I am equating undecided voters with uneducated voters - not unintelligent voters, just uneducated. I have never met an undecided voter in person, or seen one interviewed on television, who couldn't have made up their mind had they applied themselves more to studying the candidates and their positions. If a person insists that they haven't had the time to do so, then I would respectfully ask them to not vote since voting should be taken very seriously and be given the appropriate time and research.

Your argument that someone may be educated but undecided so close to the election might be true in a primary where there are minuscule differences among candidates. But when the philosophical chasm is so wide between candidates, there is no informed person who would be oscillating between them. If someone finds themselves doing so, they should commit themselves to more research. And my thesis is that a Christian should be committed to wrestling with these philosophical questions all the time - not just in October of an election year - as a participant in their vocation and should already be educated enough about the candidates to be in a prepared position to vote.

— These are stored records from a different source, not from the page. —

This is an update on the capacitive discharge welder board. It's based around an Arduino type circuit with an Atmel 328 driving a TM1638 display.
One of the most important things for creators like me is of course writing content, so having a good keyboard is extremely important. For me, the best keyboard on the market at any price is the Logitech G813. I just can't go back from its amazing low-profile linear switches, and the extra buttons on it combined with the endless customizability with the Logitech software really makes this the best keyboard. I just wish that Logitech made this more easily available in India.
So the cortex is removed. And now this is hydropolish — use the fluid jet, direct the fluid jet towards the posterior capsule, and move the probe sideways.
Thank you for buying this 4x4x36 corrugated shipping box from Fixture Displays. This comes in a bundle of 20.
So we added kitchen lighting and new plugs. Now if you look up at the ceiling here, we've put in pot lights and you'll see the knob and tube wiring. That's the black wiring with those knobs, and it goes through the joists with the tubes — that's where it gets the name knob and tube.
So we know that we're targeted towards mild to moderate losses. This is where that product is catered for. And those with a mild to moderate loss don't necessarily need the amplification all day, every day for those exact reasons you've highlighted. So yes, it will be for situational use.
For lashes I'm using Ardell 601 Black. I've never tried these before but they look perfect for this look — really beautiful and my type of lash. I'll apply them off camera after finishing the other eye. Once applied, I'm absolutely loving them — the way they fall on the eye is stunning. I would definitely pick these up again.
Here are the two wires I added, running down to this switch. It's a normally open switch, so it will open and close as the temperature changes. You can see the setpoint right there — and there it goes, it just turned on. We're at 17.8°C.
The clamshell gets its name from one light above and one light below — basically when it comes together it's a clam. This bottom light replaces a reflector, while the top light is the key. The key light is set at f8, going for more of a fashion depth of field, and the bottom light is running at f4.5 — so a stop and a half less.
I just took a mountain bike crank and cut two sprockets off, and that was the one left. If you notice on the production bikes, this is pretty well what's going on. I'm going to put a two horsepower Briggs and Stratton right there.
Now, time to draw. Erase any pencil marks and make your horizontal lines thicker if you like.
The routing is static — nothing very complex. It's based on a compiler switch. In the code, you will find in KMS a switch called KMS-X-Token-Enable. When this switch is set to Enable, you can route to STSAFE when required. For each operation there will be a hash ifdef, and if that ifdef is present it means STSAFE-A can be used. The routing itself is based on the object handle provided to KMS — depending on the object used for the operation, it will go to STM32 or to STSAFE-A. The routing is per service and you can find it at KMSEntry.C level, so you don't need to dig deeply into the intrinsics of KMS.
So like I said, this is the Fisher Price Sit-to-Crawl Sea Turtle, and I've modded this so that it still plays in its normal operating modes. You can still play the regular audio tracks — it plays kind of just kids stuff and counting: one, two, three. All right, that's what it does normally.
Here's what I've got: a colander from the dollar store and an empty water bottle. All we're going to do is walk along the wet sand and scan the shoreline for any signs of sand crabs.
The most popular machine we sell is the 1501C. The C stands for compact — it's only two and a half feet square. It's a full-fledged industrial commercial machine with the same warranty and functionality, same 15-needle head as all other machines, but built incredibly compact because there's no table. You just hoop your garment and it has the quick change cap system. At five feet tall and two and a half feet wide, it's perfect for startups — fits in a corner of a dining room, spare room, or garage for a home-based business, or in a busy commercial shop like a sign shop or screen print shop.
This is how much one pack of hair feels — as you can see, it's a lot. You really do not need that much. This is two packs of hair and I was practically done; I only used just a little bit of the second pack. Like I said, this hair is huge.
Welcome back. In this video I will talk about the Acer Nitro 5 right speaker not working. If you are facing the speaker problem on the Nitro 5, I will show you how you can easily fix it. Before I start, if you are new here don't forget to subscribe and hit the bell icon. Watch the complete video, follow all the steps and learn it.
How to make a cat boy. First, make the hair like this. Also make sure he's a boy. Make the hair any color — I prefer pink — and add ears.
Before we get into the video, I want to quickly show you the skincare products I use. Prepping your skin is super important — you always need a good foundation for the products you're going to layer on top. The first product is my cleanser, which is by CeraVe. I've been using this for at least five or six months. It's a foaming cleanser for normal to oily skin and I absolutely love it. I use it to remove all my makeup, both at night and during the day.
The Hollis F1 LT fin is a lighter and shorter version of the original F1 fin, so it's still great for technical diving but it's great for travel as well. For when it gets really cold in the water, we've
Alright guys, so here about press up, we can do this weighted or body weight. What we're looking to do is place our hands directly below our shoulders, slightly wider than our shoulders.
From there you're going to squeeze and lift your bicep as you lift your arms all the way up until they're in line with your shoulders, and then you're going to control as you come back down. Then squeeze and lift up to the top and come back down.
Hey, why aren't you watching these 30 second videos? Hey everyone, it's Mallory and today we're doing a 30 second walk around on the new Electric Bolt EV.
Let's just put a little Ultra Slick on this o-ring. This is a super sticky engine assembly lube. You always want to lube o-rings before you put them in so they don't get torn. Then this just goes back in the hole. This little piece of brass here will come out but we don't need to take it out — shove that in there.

What do you make of Bryan Caplan's discussion in "The Myth of the Rational Voter"? Most undecided voters are rationally ignorant about whom they vote for. Their own lives will change so little based upon whom wins the election. Their individual vote has a miniscule impact on who wins the election. A rational voter would only devote the amount of resources marginally equal to the expected benefit from their preferred candidate's probability of winning *due to their vote*.
I am among the most well informed of potential voters, but I do not vote. Of course, if no one else voted, I would.
#BasicEconomics #GordonTullock

I almost didn't like this page, and almost blocked it from advertising on my FB homepage, since "Faith" is anti-logic, anti-reason, and irrational, and as such is the opposite of capitalism's rational self-interest. I'm glad I didn't block it though. It's better to engage the enemy, the faithful who have discredited capitalism as "socially conservative" (that is, socially intolerant of the diversity of market choice).

As for the unreason advocated by this blog post, I couldn't possibly have responded better than the two people who destroyed the blogger's logic with their first two posts, the only responses. Jacqueline's logic lies in smoking ruins, mission accomplished, gentlemen! (JF's logic in defense of careful decision-making is perfect, and I would add to it that as the election date approaches, there is a greater and greater information flow, and incentive to debate that recursively improves information flow, strengthening JF's point about increasing educational opportunity in the month or so prior to the election. This is partly due to present context USA mass psychology, but it is true nonetheless.)

And, I agree with virtually everything Bryan Caplan writes, and love his arguments in "Myth of the Rational Voter." Props to the enlightened viewpoints on the unenlightened blog concept.